Abu Dhabi Islamic Bank (ADIB) eyes expanding its operations to Saudi Arabia and Algeria, said the chief executive officer of the biggest Islamic bank in the emirate and one of the biggest lenders in the United Arab Emirates (UAE) here on Monday.
As ADIB is growing at double-digit rates in its home market the United Arab Emirates, "we are eager to expand within the Middle East and North Africa," said Tirad Mahmoud.
Earlier in July last year, ADIB received as the first UAE bank a license from the Iraqi central bank to start operations in the northern Gulf state.
"We are now planning to expand to Saudi Arabia and Algeria, as both markets look very promising," Mahmoud told Xinhua on the sidelines of the first two-day Global Islamic Economy Summit which started here on Monday.
While Saudi Arabia, a major oil supplier, is regarded as the center of Islamic banking in the Arab world, the gas-rich North African state Algeria was a relatively young market in the Islamic finance industry with ample potential, said Mahmoud.

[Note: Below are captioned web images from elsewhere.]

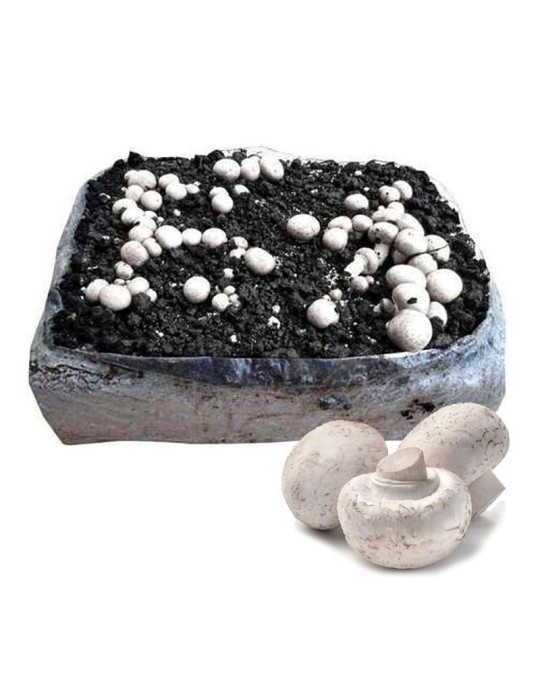 Alpaca de Champiñón de París 18 kg | turba y micelio Agaricus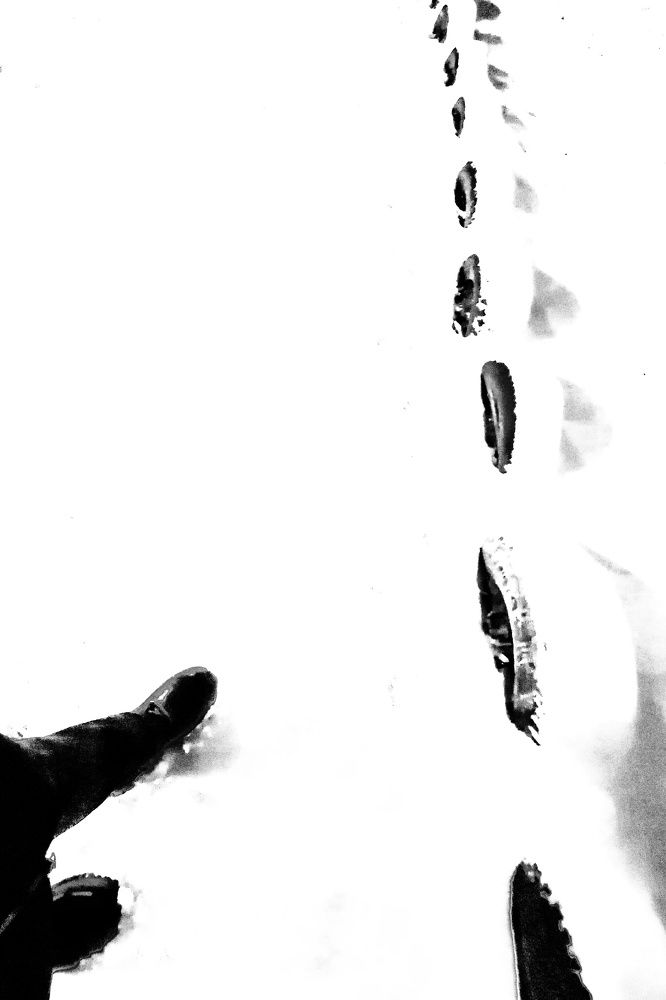 Фотография автора Екатерина Першина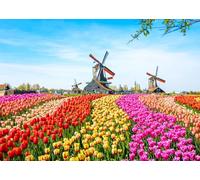 CORFOTO 2.5x1.8m Tulips Landscape Backdrop Dutch Tulip Flower Field Backdrop Colorful Tulips in The Park and Windmills Background Wedding Party Decor Banner Photo Booth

Asked if ADIB would expand through acquiring other banks, the CEO said "We do not exclude anything." In the first nine months 2013, ADIB earned a net income of 1.107 billion Dirham or 246.34 million dollars, representing an increase of 15 percent year on year.
ADIB's local UAE rival Dubai Islamic Bank, on the other hand, looks to expand to East Asia. "At the moment, Dubai Islamic Bank does not plan to extend its operations in North Africa," Dubai Islamic Bank chief executive Dr. Adnan Chilwan told Xinhua.
Dr. Adnan Yousif, the chairman of Bahrain's first Islamic Bank Al Baraka Banking Group which already operates in Algeria said business in Algeria was performing "very well" as Al Baraka controls a six percent market share of Algeria's foreign currency exchange trade.
Islamic banks do not charge or grant interest but distribute profits based on a sharing model. According to Ernst and Young, global assets invested in line with Islamic law or Sharia reach 1. 2 trillion dollars this year, while the market is doubling in value every five years, translating into an annual growth of 15 percent.